Re: virtual sensor not running

rmv72 · ‎04-13-2004

When i configure the Sensor to capture all traffic related to the specified hosts (You Are Here: Administration\IP Logging) and add IP address than i recived "Error: Unable to add log: virtual sensor not running".

In ConfigurationSensing EngineInterface Groups

i see that my virtualSensor is enabled:

Interface Groups

Showing 1-1 of 1

# Group Number Virtual Sensor Alarm Channel Sensing Interfaces Enabled

1. 0 virtualSensor virtualAlarm int0 Yes

Which reason of that message can be?

sirpa_k · ‎04-20-2004

Any update on this ?

marcabal · ‎04-20-2004

Before trying to add an IP Log let us first be sure that the virtual sensor is monitoring traffic.

From the CLI execute "show interfaces" and check the packet statistics on int0 and your virtual sensor.

Ensure that the packet statistics for both are increasing.

If the packet counts are not increasing then you will need to check your interface and group configurations, as well as the physical cables.

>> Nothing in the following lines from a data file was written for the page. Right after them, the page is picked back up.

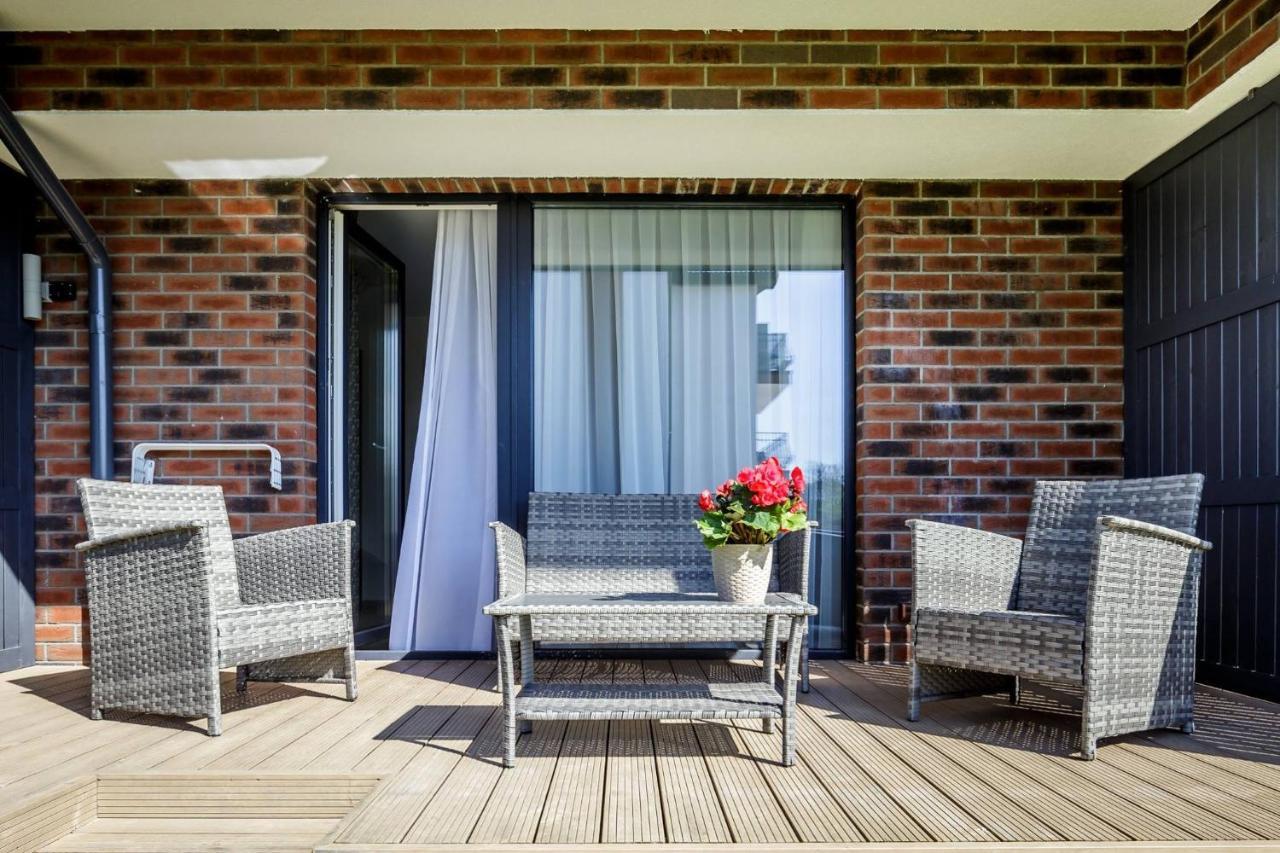 Vila Sonata Palanga Exterior foto
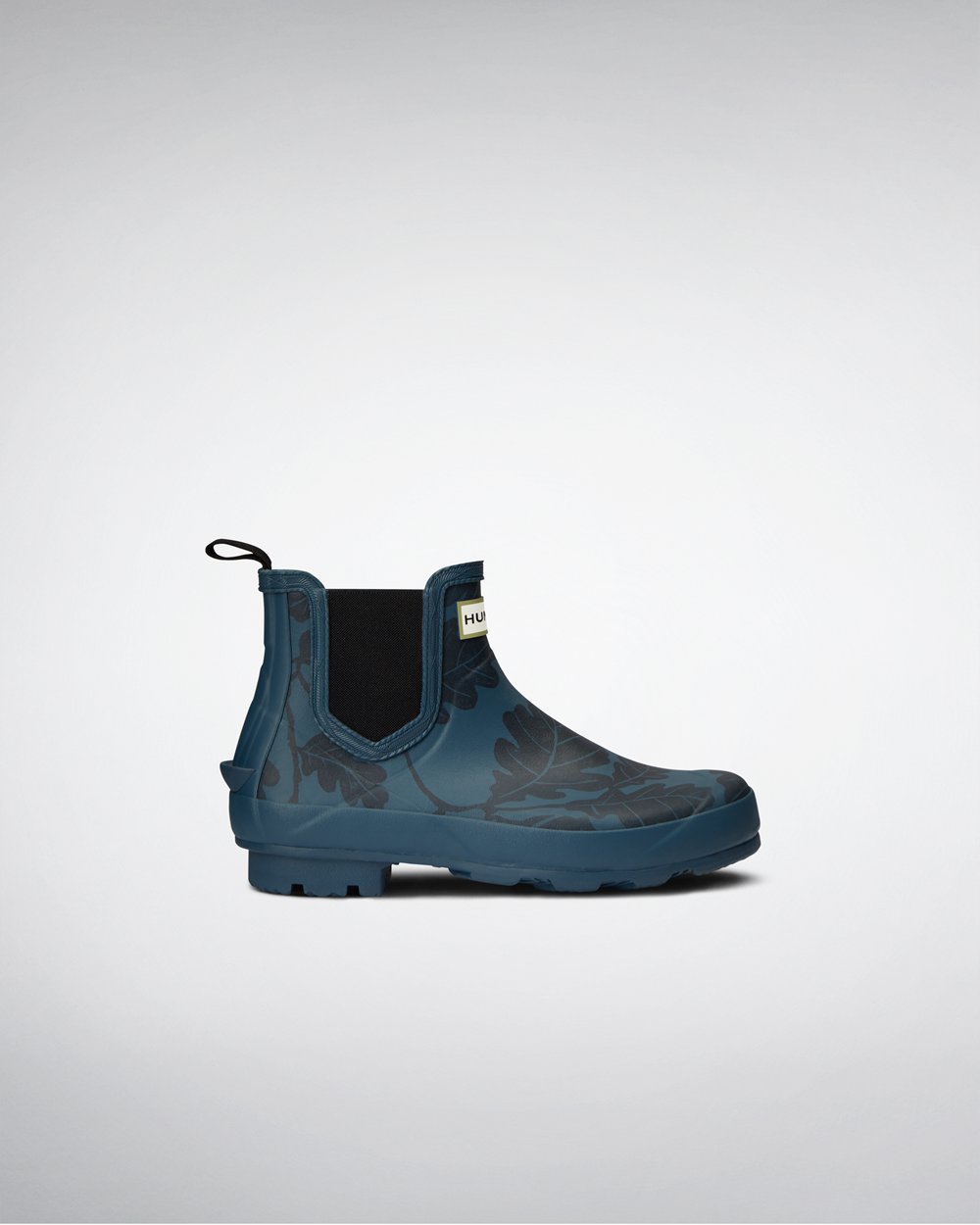 Chelsea Boots Dames - Hunter National Trust Norris Field - Blauw - 81MEQVCWX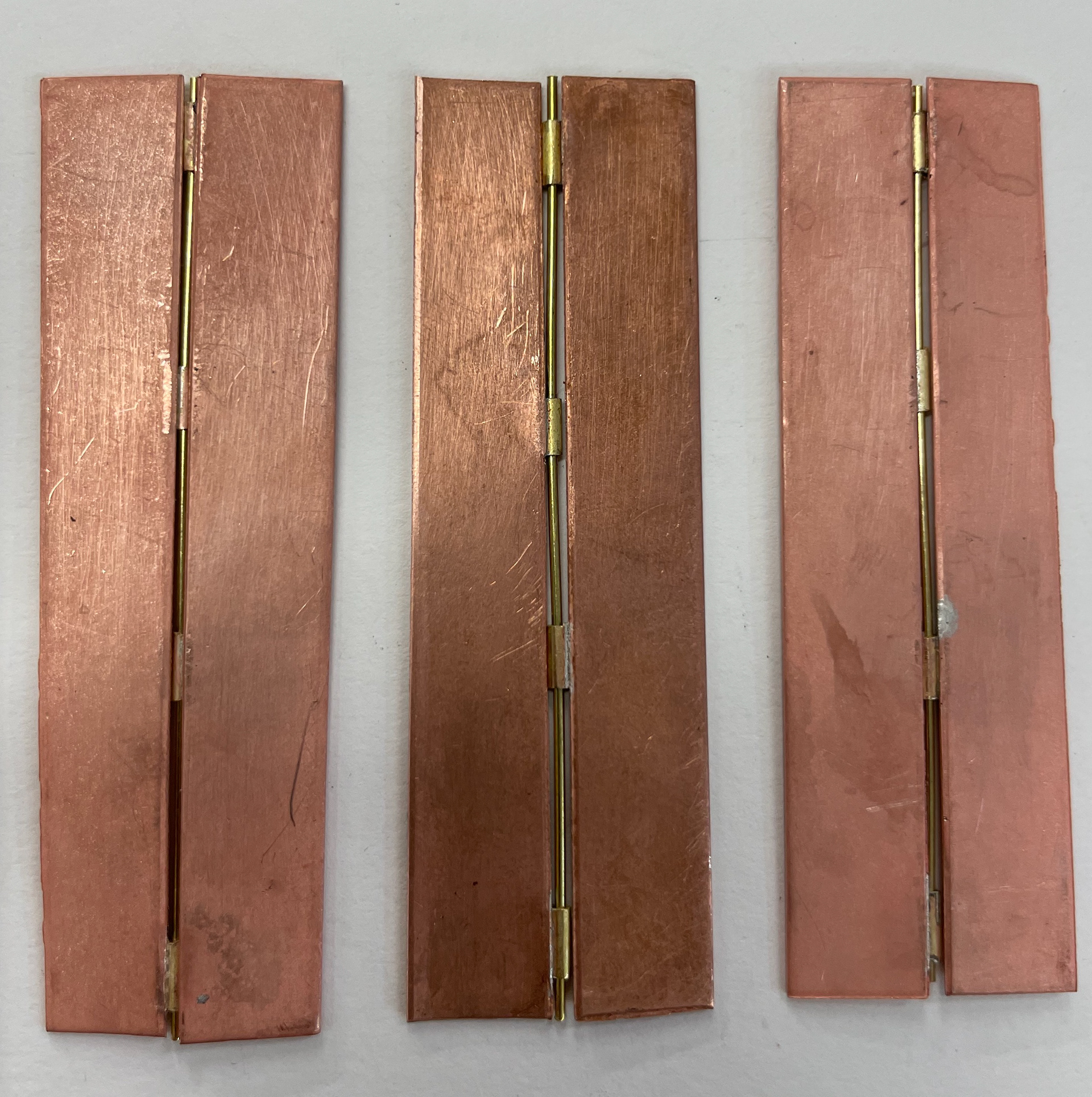 hinge comparisons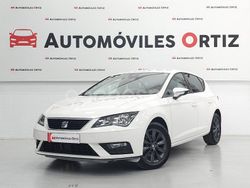 Blanco Usado 2020 Seat Leon Style Berlina | 12.990 € (Precio justo)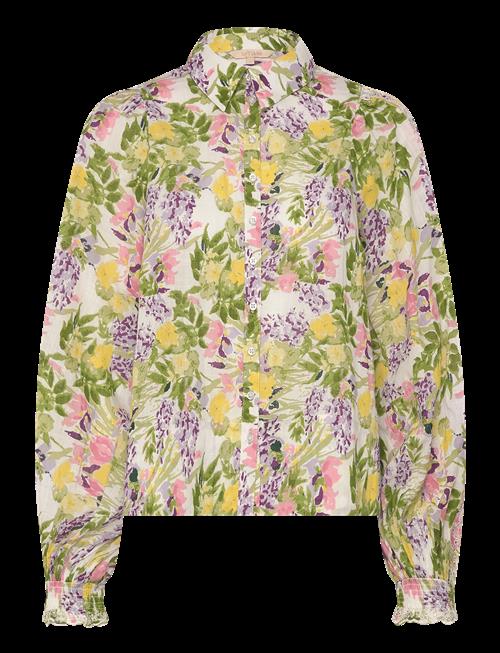 by Ti Mo | Cotton Slub Shirt | L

If it is plugged into a switch or router then check the configuration of those devices to ensure that packets are being copied to the sensor.

If you receive an error when executing "show interfaces" then execute "show version" to see if analysis engine is running. If it is not then try rebooting the sensor. There are few known issues with analysis engine that have been resolved in the 4.1(2) and 4.1(3) service packs. So be sure you are at least running version 4.1(3). If you are running version 4.1(3) and analysis engine continues to wind up as "not running" in show version then contact the TAC. There are a few additional bug fixes available through the TAC that will be rolled into a 4.1(4) service pack.